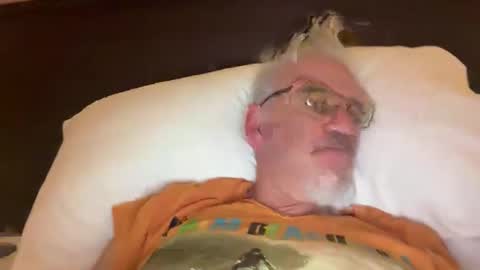 Snapshot of jewlronny chatting on February 17, 7:49 am jewlronny online show from February 17, 7:49 am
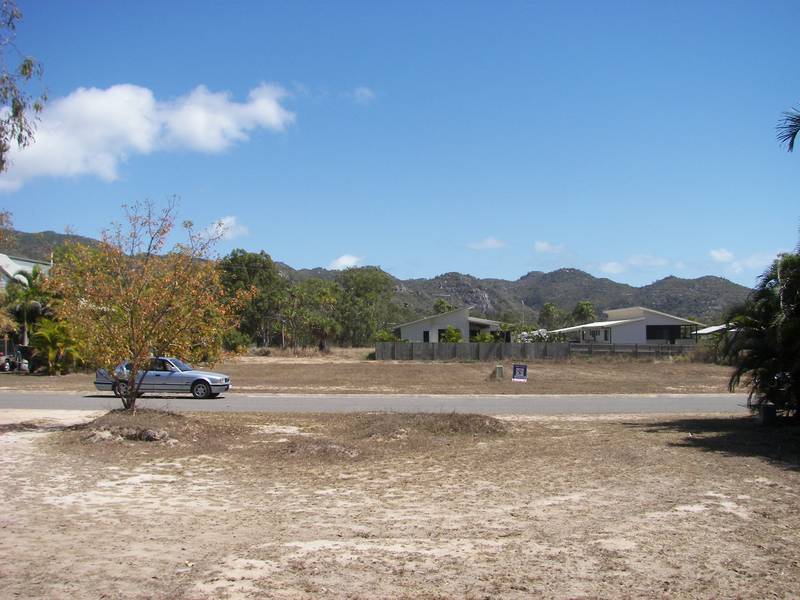 Sewered Block
in
Corica Estate
Horseshoe Bay Picture 1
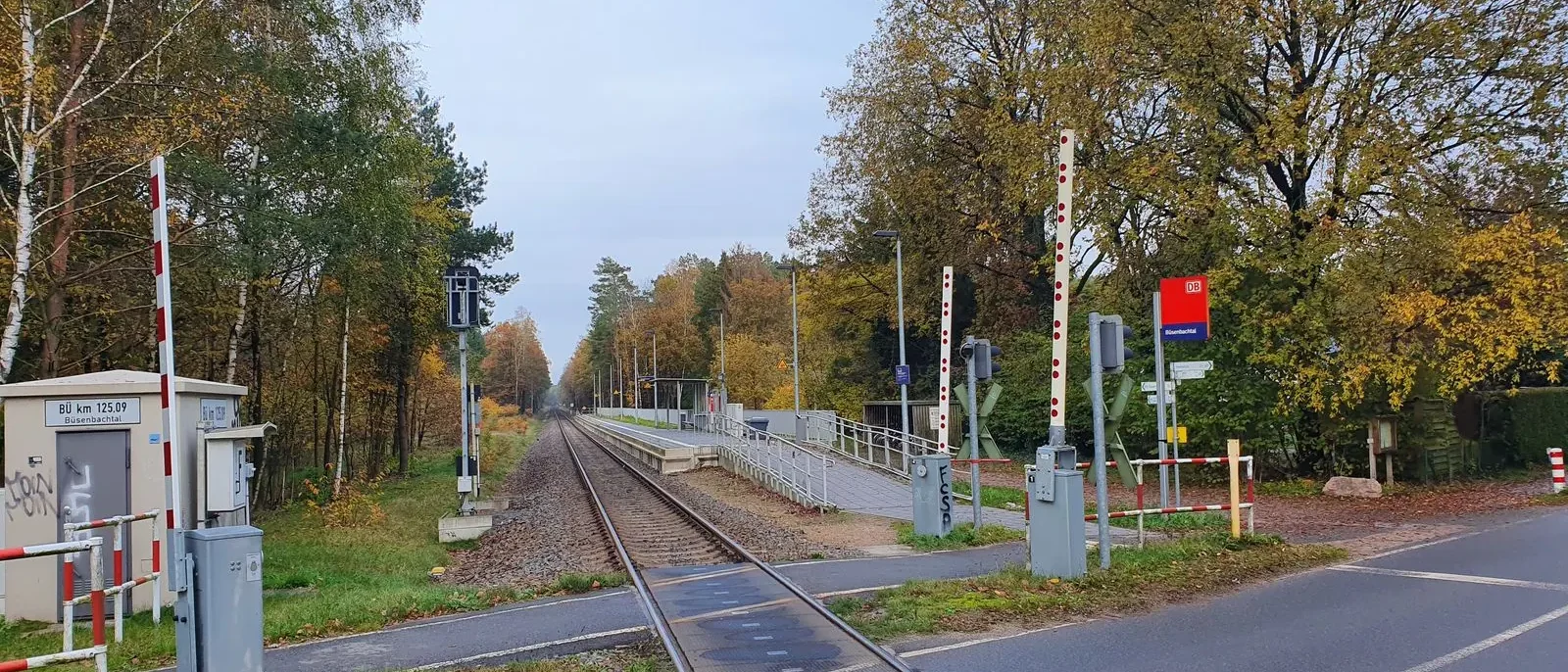 Haltepunkt Büsenbachtal an der Bahnstrecke bei Handeloh im Landkreis Harburg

- - -

WHAT TO PRODUCE: Make a verbatim copy of all the entries and strip out the pictures.

RESULT BELOW:
 Snapshot of jewlronny chatting on February 17, 7:49 am jewlronny online show from February 17, 7:49 am
 Sewered Block
in
Corica Estate
Horseshoe Bay Picture 1
 Haltepunkt Büsenbachtal an der Bahnstrecke bei Handeloh im Landkreis Harburg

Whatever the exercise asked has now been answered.